SUPPLIED MATERIAL:
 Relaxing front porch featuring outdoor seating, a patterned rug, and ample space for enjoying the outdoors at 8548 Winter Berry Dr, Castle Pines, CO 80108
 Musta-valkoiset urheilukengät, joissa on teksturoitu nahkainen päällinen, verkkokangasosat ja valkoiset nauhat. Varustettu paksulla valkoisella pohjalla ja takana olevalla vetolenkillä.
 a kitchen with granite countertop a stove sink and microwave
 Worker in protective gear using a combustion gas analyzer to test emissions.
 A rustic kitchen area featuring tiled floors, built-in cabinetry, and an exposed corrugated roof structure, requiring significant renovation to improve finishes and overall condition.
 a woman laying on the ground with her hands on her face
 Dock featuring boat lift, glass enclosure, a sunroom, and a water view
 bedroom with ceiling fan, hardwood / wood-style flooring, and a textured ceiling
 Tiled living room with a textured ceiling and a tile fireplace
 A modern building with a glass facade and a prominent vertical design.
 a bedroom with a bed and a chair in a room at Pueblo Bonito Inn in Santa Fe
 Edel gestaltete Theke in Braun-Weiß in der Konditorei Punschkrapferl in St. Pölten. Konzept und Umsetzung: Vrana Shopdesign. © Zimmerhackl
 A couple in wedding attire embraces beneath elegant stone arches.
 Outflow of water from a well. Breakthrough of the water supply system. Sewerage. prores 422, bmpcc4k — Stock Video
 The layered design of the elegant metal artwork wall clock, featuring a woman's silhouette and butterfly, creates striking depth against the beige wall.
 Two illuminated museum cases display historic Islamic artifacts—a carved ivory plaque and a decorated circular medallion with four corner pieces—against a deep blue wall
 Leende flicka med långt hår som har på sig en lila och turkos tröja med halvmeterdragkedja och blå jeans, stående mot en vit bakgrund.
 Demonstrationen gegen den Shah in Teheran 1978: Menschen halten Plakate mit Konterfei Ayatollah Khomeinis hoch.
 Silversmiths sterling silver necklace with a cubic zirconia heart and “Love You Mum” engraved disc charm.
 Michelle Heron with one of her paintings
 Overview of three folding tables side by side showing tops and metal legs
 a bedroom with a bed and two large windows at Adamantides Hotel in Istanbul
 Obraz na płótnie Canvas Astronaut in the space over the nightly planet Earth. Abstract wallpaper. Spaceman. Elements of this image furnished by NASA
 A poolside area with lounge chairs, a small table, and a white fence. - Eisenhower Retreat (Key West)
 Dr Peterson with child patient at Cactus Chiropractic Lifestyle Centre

WHAT YOU ARE ASKED TO DO: The first line of the entries above marks where to begin; repeat each line exactly through the one that contains "Worker in protective", and include that line.

OUTPUT BELOW:
 Relaxing front porch featuring outdoor seating, a patterned rug, and ample space for enjoying the outdoors at 8548 Winter Berry Dr, Castle Pines, CO 80108
 Musta-valkoiset urheilukengät, joissa on teksturoitu nahkainen päällinen, verkkokangasosat ja valkoiset nauhat. Varustettu paksulla valkoisella pohjalla ja takana olevalla vetolenkillä.
 a kitchen with granite countertop a stove sink and microwave
 Worker in protective gear using a combustion gas analyzer to test emissions.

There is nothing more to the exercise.